IN THE COURT OF CRIMINAL APPEALS

OF TEXAS




NO. 800-99

GRAFTON ELROY RINEY, Appellant

v.



THE STATE OF TEXAS




ON APPELLANT'S PETITION FOR DISCRETIONARY REVIEW

FROM THE FIFTH COURT OF APPEALS

DALLAS COUNTY


Johnson, J., filed a concurring opinion...



C O N C U R R I N G  O P I N I O N



I concur in the judgment of the court. It stands the system of justice of this state in good stead to require that there be a written record of any change in an indictment. As the dissent notes, interlineation on the indictment "actually reduces the potential for confusion as to which document is the legally binding indictment . . . ." Ante, at ___ (slip op. at 4) (Holland, J., dissenting). Physical interlineation on the face of an indictment is evidence that an amendment was made and that the defendant was given notice of the alleged offense which was the subject of the trial. Such notice is a well-settled element of due process. Rojas v. State, 986 S.W.2d 241, 246 (Tex. Crim. App. 1998). The face of the indictment is also key in assessing legal sufficiency. See Malik v. State, 953 S.W.2d 234, 240 (Tex. Crim. App. 1997) (sufficiency of the evidence is measured by the elements of the offense as defined by the hypothetically correct jury charge which, inter alia, is authorized by the indictment). That said, I do not agree with the dissent that, in order to satisfy the concerns that the requirement of physical interlineation addresses, it must be on the original indictment.

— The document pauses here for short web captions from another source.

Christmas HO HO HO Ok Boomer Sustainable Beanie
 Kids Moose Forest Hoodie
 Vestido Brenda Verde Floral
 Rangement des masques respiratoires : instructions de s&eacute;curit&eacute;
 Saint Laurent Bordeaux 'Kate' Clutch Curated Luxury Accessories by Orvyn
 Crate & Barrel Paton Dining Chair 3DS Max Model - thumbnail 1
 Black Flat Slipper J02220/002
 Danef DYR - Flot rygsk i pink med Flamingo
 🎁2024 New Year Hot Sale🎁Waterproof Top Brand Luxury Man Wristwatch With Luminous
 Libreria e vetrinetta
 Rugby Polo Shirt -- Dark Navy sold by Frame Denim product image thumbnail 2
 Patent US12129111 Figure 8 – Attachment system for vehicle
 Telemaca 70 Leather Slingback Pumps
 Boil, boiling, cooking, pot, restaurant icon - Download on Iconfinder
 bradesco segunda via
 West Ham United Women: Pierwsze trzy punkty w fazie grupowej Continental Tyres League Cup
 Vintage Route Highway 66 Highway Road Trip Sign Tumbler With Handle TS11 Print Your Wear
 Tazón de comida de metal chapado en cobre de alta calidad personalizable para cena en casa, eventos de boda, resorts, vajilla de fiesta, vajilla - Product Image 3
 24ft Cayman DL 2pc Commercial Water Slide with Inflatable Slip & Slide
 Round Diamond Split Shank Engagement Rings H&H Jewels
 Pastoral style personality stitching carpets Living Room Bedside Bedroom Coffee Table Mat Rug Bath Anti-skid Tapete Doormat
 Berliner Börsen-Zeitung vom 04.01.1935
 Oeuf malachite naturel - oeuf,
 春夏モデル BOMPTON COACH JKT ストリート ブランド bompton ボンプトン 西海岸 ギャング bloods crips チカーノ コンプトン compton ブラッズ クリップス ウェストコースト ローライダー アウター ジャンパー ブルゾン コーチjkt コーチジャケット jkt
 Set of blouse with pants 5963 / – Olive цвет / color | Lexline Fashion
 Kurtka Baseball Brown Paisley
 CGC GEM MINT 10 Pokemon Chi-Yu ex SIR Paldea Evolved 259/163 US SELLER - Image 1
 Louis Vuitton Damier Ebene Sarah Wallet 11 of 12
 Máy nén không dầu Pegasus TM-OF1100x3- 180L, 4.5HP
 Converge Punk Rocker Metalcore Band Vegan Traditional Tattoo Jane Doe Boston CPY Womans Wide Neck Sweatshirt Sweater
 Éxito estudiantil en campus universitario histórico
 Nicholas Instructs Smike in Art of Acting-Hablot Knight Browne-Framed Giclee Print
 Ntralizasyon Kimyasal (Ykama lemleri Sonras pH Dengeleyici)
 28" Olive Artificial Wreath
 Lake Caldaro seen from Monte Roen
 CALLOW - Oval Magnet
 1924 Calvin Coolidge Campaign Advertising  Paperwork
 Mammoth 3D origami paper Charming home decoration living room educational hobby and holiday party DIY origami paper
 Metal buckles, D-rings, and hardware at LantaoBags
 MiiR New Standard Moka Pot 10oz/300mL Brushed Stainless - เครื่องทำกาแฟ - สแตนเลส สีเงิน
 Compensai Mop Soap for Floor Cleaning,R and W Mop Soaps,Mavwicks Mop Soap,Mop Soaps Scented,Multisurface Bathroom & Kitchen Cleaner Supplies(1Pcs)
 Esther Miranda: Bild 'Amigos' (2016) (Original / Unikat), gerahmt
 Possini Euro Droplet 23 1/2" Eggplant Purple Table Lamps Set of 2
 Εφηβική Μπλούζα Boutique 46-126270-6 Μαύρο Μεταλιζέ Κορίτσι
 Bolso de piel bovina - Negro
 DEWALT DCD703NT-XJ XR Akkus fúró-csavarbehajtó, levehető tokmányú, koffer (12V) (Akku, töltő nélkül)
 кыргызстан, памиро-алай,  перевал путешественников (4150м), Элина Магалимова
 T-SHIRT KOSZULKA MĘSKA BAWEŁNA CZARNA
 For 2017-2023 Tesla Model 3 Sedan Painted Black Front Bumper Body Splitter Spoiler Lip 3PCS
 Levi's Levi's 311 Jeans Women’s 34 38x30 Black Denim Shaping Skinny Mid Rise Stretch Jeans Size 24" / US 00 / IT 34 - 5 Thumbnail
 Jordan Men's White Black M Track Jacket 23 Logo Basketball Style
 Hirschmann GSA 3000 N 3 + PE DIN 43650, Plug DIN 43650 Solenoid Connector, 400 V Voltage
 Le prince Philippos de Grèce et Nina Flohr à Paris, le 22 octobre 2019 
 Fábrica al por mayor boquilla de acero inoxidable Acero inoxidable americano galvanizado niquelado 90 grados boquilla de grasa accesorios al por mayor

If the intent of the ruling in Ward was to ensure proper notice to the defendant of any change in the accusations and a written record of the change, requiring that the change be made on the original indictment may be too stringent. Throughout Ward, the Court refers to "the indictment." Except for a footnote that discusses a prior case, (1) I can find no reference to "the original indictment." This Court also noted in Ward that "the legislature did not attach any technical or particular meaning to the term 'amend,' and thus we will not frustrate legislative intent by applying a hypertechnical interpretation of the term." Ward, 829 S.W.2d at 792. We thus may use the common understanding of "amend" as "change, correct, revise." Id. at 791.

Not so long ago, there was only one copy of an indictment. It was easy to distinguish between the original document and retyped, handwritten, or mimeographed copies. With the advent of photocopiers and, as in this case, carbonless pressure copies, which piece of paper is designated as the "original" is at least somewhat arbitrary. As the majority notes, our rules of evidence include in the definition of "original" "any counterpart intended to have the same effect by a person executing or issuing it." Ante, at ___ n.1 (slip op. at 2 n.1); Tex. R. Evid. 903(3). A duplicate is defined as "a counterpart" and includes photocopies ("by means of photography") and carbonless pressure copies ("by chemical reproduction, or by other equivalent"). Tex. R. Evid. 903(4). The reasons for requiring interlineation on the face of the indictment as set out in Ward still apply; the motion to amend and the grant of permission by the trial court to amend are the process by which an indictment may be amended, not the amendment itself. Only a physical change on the face of the indictment satisfies the requirement the defendant be apprized of the charges against him. This concern with proper written notice can be addressed by amending the face of a duplicate of the document designated as the "original indictment" and entering the amended copy into the court's record. It would be wise to date the amended copy and the "original" so that there will be a lessened probability of confusion about which version is the one to be used at trial. While it might be better for the prosecutor to re-indict when seeking to amend the indictment as to matters of substance, the language of Tex. Code Crim. Proc. art. 28.10 and, I believe, the language of Ward require only a physical amendment of the indictment, whether the original or a duplicate thereof.

In the case before us, a duplicate of the pertinent part of the indictment was physically amended on its face and included in the court's file. Appellant was present in court at the time of the amendment and raised no objection to the amendment, even after questioning by the trial court. The intent of Ward and of the statute to provide proper notice and a written record of the amendment were fulfilled. Appellant can show no harm or surprise from the changes. He should not now be heard to complain.

Because I believe that Ward requires physical interlineation on the face of the charging document, but permits amendment by physical interlineation on the face of a duplicate of the charging document, which is then entered in the court's file, I concur only in the judgment of the Court.

Johnson, J.













Date Delivered: October 4, 2000



Publish

1. Ward, 829 S.W.2d at 789-90 n.4 ("In Bartley[ v. State, 789 S.W.2d 288 (Tex. App. - Dallas 1990, pet. ref'd)]. . .No interlineation was made on the indictment, and only the original indictment was included in the transcript.").